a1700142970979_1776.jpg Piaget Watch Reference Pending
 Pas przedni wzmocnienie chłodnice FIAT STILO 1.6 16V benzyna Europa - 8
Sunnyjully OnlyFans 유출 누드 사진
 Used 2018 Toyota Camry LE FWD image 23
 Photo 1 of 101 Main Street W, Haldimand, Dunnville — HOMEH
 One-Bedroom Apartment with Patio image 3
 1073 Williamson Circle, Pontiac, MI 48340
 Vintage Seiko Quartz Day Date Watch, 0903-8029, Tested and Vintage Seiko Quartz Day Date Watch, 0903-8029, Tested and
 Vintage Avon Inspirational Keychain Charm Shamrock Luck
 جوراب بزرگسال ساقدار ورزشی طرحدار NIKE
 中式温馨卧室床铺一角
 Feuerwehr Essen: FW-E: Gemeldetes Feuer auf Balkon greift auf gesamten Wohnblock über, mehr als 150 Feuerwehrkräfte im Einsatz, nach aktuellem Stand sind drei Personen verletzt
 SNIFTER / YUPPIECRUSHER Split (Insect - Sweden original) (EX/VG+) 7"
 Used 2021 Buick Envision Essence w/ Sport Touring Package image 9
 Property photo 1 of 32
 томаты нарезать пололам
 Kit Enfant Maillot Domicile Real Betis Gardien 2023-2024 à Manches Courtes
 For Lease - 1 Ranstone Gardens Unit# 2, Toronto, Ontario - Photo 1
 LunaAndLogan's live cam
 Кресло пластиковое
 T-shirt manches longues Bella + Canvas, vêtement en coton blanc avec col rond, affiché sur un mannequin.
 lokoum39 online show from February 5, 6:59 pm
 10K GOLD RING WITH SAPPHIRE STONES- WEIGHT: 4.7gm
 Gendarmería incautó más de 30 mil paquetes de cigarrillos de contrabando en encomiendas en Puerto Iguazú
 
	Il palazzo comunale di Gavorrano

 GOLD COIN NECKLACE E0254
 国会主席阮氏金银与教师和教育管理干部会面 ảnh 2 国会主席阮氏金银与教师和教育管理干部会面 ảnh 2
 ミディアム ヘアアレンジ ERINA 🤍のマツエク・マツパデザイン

▸ **What to do**
From the first line of the data through the line with "SNIFTER / YUPPIECRUSHER", quote each line exactly and add nothing else.

▸ **Exercise solution**
a1700142970979_1776.jpg Piaget Watch Reference Pending
 Pas przedni wzmocnienie chłodnice FIAT STILO 1.6 16V benzyna Europa - 8
Sunnyjully OnlyFans 유출 누드 사진
 Used 2018 Toyota Camry LE FWD image 23
 Photo 1 of 101 Main Street W, Haldimand, Dunnville — HOMEH
 One-Bedroom Apartment with Patio image 3
 1073 Williamson Circle, Pontiac, MI 48340
 Vintage Seiko Quartz Day Date Watch, 0903-8029, Tested and Vintage Seiko Quartz Day Date Watch, 0903-8029, Tested and
 Vintage Avon Inspirational Keychain Charm Shamrock Luck
 جوراب بزرگسال ساقدار ورزشی طرحدار NIKE
 中式温馨卧室床铺一角
 Feuerwehr Essen: FW-E: Gemeldetes Feuer auf Balkon greift auf gesamten Wohnblock über, mehr als 150 Feuerwehrkräfte im Einsatz, nach aktuellem Stand sind drei Personen verletzt
 SNIFTER / YUPPIECRUSHER Split (Insect - Sweden original) (EX/VG+) 7"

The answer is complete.